(CNSNews.com) - President Obama wants to leave a contingent of U.S. troops in Afghanistan to serve as trainers and advisers when combat ends, but he won't do it unless Afghan President Hamid Karzai "promptly" signs a security agreement the two sides negotiated last year.
After sending strong hints that the agreement must be signed by the end of 2013, the White House is now sending another "hurry up" signal.
"Look, I don't have a specific deadline or other policy decisions to announce today. But I can tell you that we're talking about weeks and not months," White House spokesman Jay Carney told reporters on Monday.
"And, you know, the clock is ticking for the reasons I laid out: We can't contemplate a continued presence there absent a signed bilateral security agreement (BSA).
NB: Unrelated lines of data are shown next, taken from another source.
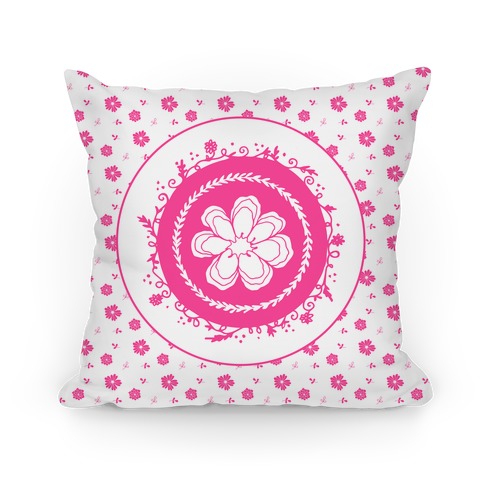 Springtime Floral Mandala (Pink and Whitel) Pillow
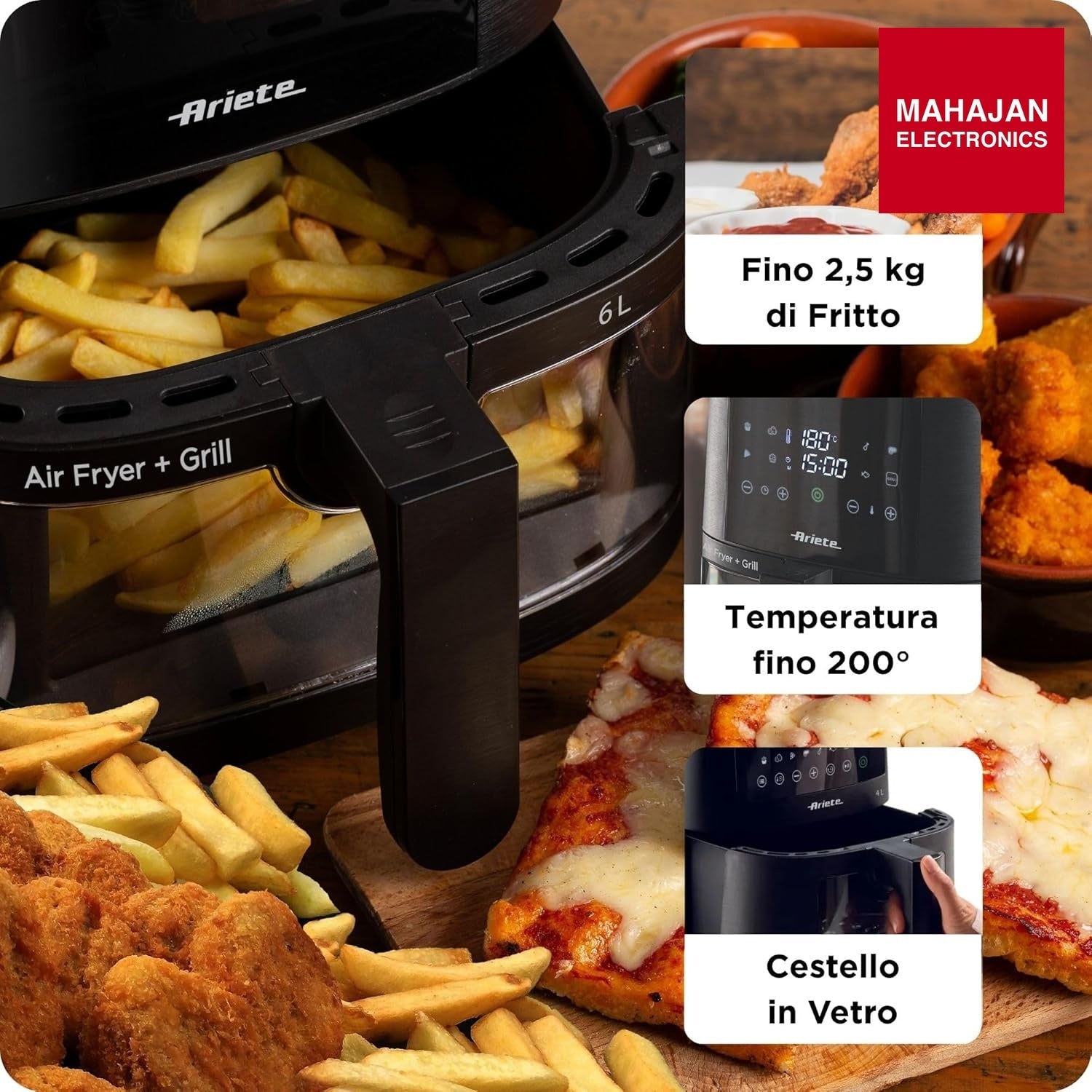 Ariete 4626 6L Air Fryer 1300W with Transparent Basket | Buy Online Delhi NCR Mahajan Electronics – Mahajan Electronics Online.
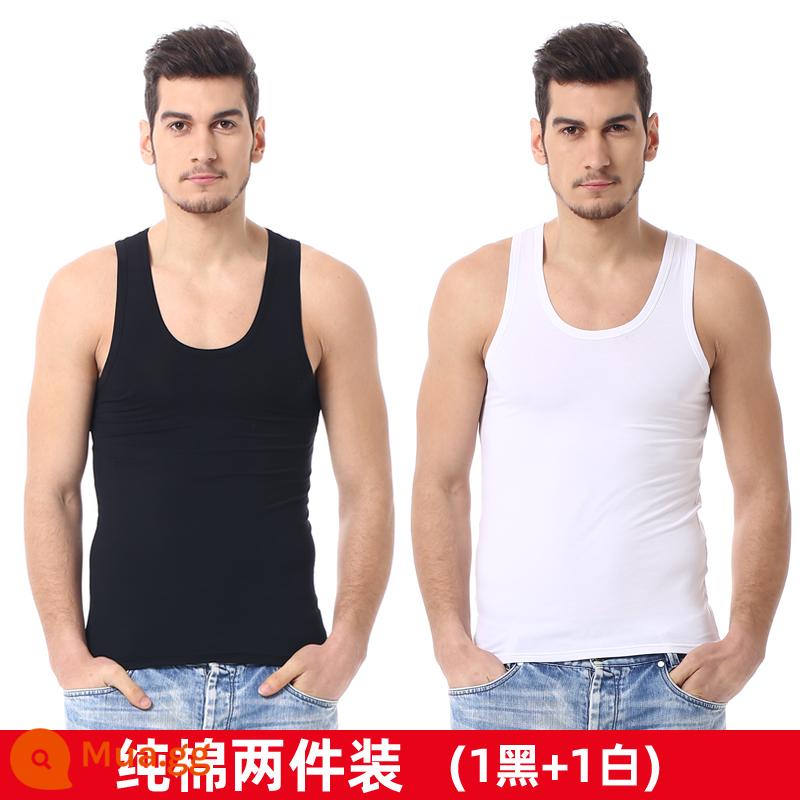 Bộ 3 Áo Vest Nam Cotton Nguyên Chất Vượt Rào Thể Thao Đáy Áo Sơ Mi Quần Lót Cotton Mỏng Sling Tập Thể Hình Quần Lót Không Đường May - 1 đen + 1 trắng [hai gói]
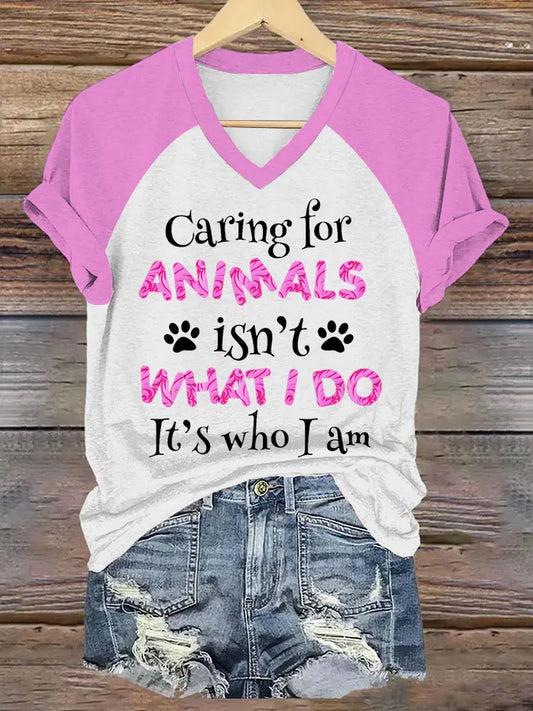 Women's caring for animals V-neck T-shirts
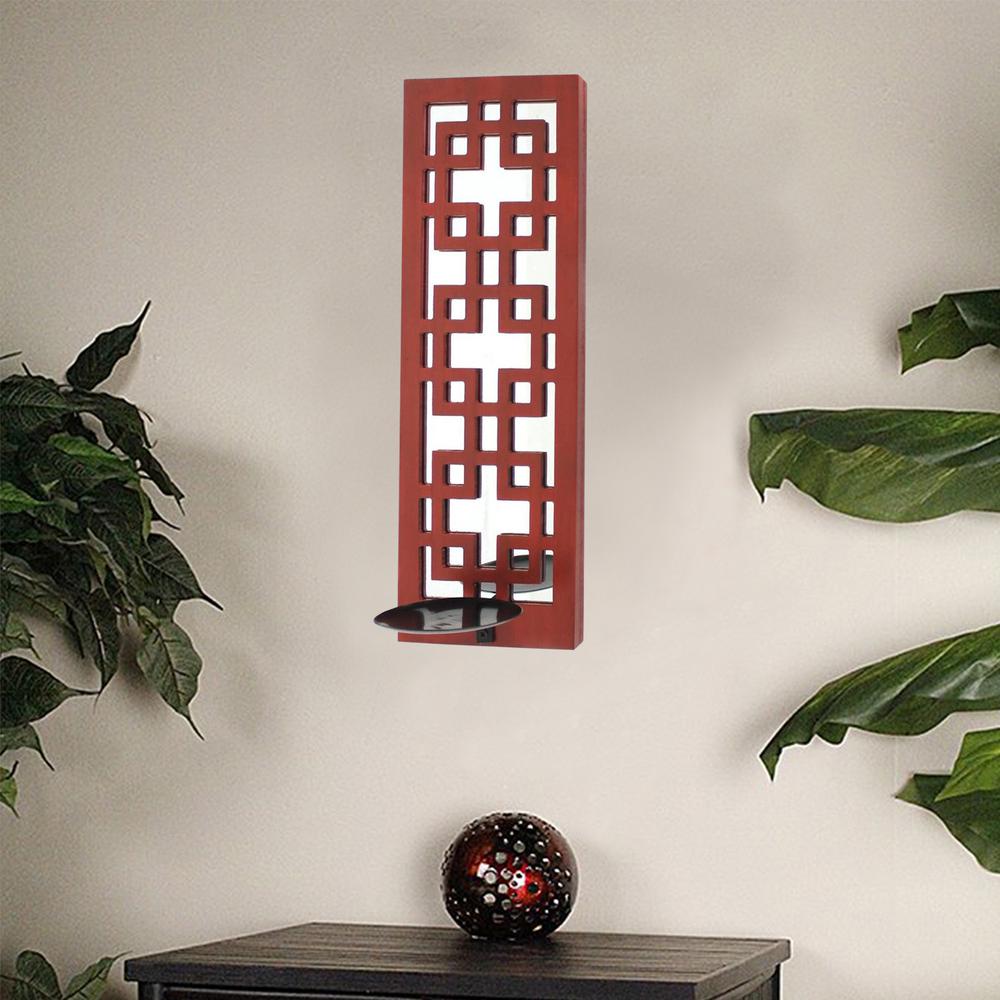 17" x 5" x 6" Red, Vintage Wood, Lattice Mirror - Candle Holder Sconce - 274566. Picture 2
The planning necessary for a continued presence to fight -- to take on counterterrorism missions and to assist in the training of Afghan security forces -- needs to happen early this year."
Without a signed BSA, the U.S. will have to plan for a complete troop withdrawal, leaving the same kind of vacuum in Afghanistan that it left in Iraq.
Carney told reporters that the White House "never set a December 31st hard deadline" for getting a signed agreement. "But it was certainly our preference to complete that agreement in 2013."
He said if a bilateral security agreement is not concluded "promptly," the U.S. "will be forced to initiate planning for a post-2014 future in which there would be no U.S. or NATO troop presence in Afghanistan. That's not the future we're seeking. That's not the policy the president believes is best. And we don't believe it's in Afghanistan's interest.
"But the further this slips into 2014, the more likely that outcome will come to pass. The holidays are over, and I would expect that, as the interagency convenes to continue considering options to present to the president for a post-2014 presence, we will have to increasingly factor the lack of a BSA, a signed BSA, into our planning."